I am reading a notes of Brian Conrad on hypercovering, and in the discussion on Dold-Kan correspondence, it is claimed (I might misunderstand) that the injective objects in the category of non-negative cochain complexes ($\mathcal{CoChain}_{\ge 0}(Ab)$) are exactly those complex $I^\bullet$, such that all the $I^j$ is injective (in $Ab$), and the positive cohomology vanishes.
Here is the link of the notes: https://www.google.com/url?sa=t&source=web&rct=j&url=https://math.stanford.edu/~conrad/papers/hypercover.pdf&ved=2ahUKEwjHz8rVorP0AhVoR_EDHUeJAk8QFnoECAMQAQ&usg=AOvVaw0NKji5VcAbACZX2hMZlXek. The claim appears on page 12, in the first paragraph of the proof of Cor.2.13.
Although I can see the two conditions here are necessary, and I do not know why these are sufficient conditions. In particular, if I take an object in $Ab$, and take its injective resolution, I do not think the resolution is injective. So my question is whether there is a good characterization of injective objects in this category. Should I expect there to be some simple answer? Any comment is sincerely welcome.
Ok, I think I have found the answer myself. The answer should be that one need to add one more condition, that is, $H^0(I^\bullet)$ is also injective.
First, to see why this condition is necessary, we take $A^\bullet=A[0]$ and $B^\bullet=B[0]$ with $A\hookrightarrow B$, then $$Hom(A^\bullet, I^\bullet)=Hom(A,H^0(I^\bullet))$$ Therefore, $H^0(I^\bullet)$ should also be injective.

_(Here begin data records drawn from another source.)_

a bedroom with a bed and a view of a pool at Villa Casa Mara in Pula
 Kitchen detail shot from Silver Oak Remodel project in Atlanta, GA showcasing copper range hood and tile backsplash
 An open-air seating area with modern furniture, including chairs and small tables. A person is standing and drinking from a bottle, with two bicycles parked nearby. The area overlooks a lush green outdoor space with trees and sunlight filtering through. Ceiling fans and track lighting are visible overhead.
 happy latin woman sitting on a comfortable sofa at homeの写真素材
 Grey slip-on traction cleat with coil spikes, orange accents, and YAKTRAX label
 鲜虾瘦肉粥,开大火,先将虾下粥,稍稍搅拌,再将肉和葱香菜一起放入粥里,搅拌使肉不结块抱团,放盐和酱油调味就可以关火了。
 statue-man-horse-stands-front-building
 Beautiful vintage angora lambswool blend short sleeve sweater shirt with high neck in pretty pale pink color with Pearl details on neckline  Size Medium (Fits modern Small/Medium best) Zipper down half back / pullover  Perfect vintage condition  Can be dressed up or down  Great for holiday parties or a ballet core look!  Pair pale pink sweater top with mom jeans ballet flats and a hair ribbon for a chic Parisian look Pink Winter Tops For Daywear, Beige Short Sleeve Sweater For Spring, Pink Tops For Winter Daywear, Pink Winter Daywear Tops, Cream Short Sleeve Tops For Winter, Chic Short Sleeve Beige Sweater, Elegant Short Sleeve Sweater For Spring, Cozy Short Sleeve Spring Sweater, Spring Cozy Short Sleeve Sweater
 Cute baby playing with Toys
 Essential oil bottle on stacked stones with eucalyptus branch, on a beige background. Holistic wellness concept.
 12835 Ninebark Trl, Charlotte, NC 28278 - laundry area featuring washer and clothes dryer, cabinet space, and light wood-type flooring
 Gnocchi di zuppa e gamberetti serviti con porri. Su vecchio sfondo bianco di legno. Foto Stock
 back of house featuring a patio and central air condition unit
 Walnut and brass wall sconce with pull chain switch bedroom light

Now given such a complex, from the process above, we see it will not harm as to add in $H^0(I^\bullet)$ as the (-1)-th term. So without loss of generality, we simply assume that $I^\bullet$ has $H^i$ vanish for all $i\ge0$. Then we have the standard process of breaking the long exact sequence into short ones, and moreover since the sequence consists of injectives, each of these short exact sequences actually split. Then a basic diagram chasing gives the result.